● **Work instructions**
Write out exactly the lines below that run from the one containing "Mini Hanging Scroll" through the one containing "Girls'Fashion Jeans High", both included, with no other lines.

● **Data extracts**
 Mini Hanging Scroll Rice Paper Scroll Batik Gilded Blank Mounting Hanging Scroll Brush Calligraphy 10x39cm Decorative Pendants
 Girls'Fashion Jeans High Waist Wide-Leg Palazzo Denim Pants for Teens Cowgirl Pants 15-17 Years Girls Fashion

---

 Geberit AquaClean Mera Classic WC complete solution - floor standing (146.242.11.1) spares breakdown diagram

==

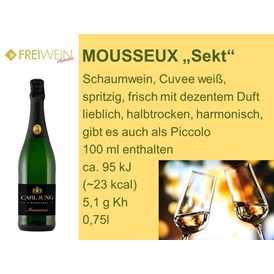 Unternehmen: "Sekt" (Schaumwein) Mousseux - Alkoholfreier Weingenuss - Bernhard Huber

● **Answer to this problem**
 Mini Hanging Scroll Rice Paper Scroll Batik Gilded Blank Mounting Hanging Scroll Brush Calligraphy 10x39cm Decorative Pendants
 Girls'Fashion Jeans High Waist Wide-Leg Palazzo Denim Pants for Teens Cowgirl Pants 15-17 Years Girls Fashion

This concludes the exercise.